Our project represents an attempt for therapeutically managing conditions such as obesity. Although we believe that obese people should not be socially isolated and blamed for their weight and appearance, it is crucial to remember at what cost obese people are living with this condition. The most serious consequences of obesity on health are hypertension, diabetes, myocardial infarction and major cardiovascular events. In particular, diabetes, a consequence of caloric excess, shows a direct association with other comorbidities, such as hypertension which is positively correlated due to vessel damage [1]. Overweight or obesity (BMI ≥25 kg/m2) was found in more than 60% of the adults surveyed in Russia, approaching prevalence levels in the USA, and higher than the prevalence reported in any recent survey in the European Union [2].

Here, we are introducing you to our solution – LEAP2BRAIN.

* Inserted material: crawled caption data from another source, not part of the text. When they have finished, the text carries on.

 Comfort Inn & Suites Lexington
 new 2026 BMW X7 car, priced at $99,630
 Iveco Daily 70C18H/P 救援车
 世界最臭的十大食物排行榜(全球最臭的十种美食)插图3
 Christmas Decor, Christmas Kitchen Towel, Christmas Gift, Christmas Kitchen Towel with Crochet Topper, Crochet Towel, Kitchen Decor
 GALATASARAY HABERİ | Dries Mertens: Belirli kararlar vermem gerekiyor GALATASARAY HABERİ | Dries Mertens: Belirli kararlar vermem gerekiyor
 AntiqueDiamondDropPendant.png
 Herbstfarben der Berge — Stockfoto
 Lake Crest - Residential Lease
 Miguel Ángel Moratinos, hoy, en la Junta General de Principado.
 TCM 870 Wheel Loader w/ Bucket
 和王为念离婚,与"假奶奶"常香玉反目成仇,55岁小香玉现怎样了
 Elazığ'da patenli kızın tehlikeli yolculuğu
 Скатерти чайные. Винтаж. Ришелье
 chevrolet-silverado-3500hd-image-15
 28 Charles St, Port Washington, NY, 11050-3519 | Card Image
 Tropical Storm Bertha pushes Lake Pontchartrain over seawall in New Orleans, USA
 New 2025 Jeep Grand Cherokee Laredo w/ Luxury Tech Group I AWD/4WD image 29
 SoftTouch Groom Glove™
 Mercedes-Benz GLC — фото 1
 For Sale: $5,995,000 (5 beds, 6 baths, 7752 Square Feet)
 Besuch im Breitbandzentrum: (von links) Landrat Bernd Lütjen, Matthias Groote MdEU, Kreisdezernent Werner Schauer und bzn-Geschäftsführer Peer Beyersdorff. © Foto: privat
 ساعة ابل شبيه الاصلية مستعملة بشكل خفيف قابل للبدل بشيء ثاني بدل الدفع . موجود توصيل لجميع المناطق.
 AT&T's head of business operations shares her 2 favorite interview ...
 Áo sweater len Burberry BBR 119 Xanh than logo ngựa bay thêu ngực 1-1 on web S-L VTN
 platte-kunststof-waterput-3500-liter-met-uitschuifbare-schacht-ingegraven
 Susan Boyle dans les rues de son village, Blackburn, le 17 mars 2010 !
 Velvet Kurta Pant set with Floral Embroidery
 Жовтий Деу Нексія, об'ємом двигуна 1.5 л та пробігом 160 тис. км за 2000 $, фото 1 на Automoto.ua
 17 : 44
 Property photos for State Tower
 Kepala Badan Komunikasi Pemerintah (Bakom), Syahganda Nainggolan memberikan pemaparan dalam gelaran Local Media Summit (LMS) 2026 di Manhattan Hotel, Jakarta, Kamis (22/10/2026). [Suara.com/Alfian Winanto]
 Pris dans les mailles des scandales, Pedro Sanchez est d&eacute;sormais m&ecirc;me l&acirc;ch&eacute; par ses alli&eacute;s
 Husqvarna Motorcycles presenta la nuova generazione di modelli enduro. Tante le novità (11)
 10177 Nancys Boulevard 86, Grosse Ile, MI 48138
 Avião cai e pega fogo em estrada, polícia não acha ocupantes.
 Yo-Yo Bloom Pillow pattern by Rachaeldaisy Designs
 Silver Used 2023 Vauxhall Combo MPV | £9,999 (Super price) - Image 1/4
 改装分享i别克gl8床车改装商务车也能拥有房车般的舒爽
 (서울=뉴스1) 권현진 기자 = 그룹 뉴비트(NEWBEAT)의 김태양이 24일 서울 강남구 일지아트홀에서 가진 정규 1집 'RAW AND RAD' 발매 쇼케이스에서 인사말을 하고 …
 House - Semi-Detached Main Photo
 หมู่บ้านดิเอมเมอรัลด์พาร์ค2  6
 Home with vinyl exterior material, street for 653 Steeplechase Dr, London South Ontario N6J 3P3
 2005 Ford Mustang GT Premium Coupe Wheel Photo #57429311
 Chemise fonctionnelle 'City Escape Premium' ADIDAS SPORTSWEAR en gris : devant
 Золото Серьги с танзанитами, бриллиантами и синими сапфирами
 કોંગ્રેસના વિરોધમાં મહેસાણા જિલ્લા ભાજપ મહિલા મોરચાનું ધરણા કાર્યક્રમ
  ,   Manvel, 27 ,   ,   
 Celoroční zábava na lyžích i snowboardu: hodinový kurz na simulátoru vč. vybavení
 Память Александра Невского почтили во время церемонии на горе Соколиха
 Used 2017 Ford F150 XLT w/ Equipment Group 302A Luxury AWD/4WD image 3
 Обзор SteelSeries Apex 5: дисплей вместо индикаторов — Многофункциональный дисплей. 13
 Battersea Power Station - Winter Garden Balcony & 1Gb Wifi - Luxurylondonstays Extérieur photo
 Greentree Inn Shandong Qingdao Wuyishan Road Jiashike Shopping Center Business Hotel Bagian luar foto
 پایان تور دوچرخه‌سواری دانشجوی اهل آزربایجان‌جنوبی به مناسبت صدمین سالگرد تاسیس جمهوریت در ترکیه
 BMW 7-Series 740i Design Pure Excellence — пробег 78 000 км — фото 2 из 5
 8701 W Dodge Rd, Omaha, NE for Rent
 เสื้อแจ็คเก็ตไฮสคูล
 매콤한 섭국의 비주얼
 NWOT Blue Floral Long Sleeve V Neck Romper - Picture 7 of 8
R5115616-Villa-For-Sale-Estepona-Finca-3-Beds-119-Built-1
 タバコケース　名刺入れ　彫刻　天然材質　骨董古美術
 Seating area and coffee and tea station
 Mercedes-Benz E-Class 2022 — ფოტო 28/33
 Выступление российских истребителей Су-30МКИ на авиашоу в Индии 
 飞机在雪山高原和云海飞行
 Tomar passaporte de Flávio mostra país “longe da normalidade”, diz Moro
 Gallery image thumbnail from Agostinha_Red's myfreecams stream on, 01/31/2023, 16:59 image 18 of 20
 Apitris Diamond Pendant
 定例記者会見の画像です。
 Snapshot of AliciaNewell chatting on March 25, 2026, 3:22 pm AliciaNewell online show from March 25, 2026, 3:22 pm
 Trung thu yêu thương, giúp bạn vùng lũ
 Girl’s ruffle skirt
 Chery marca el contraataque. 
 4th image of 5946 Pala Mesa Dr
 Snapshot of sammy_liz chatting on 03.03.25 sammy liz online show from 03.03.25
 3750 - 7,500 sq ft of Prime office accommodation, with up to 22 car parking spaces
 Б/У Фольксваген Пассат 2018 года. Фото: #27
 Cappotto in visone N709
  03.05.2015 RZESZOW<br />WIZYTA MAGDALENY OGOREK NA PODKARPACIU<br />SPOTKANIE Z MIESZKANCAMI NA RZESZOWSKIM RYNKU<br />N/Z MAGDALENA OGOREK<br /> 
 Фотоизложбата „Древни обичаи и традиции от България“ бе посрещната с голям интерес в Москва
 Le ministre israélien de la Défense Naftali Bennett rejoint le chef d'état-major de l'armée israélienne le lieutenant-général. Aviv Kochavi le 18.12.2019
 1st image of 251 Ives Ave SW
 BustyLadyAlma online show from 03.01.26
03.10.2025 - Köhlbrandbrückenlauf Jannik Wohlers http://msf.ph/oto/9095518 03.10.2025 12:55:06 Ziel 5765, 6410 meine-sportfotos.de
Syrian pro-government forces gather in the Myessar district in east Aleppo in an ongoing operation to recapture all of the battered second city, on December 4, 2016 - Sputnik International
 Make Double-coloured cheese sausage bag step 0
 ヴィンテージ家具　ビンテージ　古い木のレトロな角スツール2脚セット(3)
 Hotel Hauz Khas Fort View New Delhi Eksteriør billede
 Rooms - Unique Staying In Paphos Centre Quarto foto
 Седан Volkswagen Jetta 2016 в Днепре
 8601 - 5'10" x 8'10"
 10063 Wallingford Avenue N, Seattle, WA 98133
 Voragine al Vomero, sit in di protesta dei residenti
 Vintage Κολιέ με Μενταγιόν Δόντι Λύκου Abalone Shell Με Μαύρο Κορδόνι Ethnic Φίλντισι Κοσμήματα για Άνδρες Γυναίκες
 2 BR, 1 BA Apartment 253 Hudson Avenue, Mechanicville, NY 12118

LEAP2BRAIN is a novel delivery system for the treatment of obesity. We use symbiotic bacteria living in the nose as a delivery platform; it secretes chimeric LEAP2 protein which travels to the hypothalamus region via the trigeminal nerve [3]. LEAP2 is an endogenous antagonist and an inverse agonist of the ghrelin receptor GHS-R1 located in hypothalamus [4][5]. Ghrelin's hallmark functions are its stimulatory effects on food intake, fat deposition and growth hormone release [6]. It is expected that an increase in the ratio of concentrations of LEAP2/Ghrelin in the organism will be beneficial for weight loss, due to the onset of a feeling of satiety and hence a decrease in food intake. The results of a preliminary study on the effect of the LEAP2/ghrelin ratio on mice suggest that LEAP2 may be used as a treatment of Class I and II obesity in humans [7]. However, a separate mouse study showed that systemic administration of LEAP2 had no effect on high-fatdiet intake, whereas centrally injected LEAP2 reduced binge-like high-fat-diet intake. This finding points towards a central mode of action of LEAP2, indicating the need for centrally acting formulations of the compound, for example by intranasal application [8].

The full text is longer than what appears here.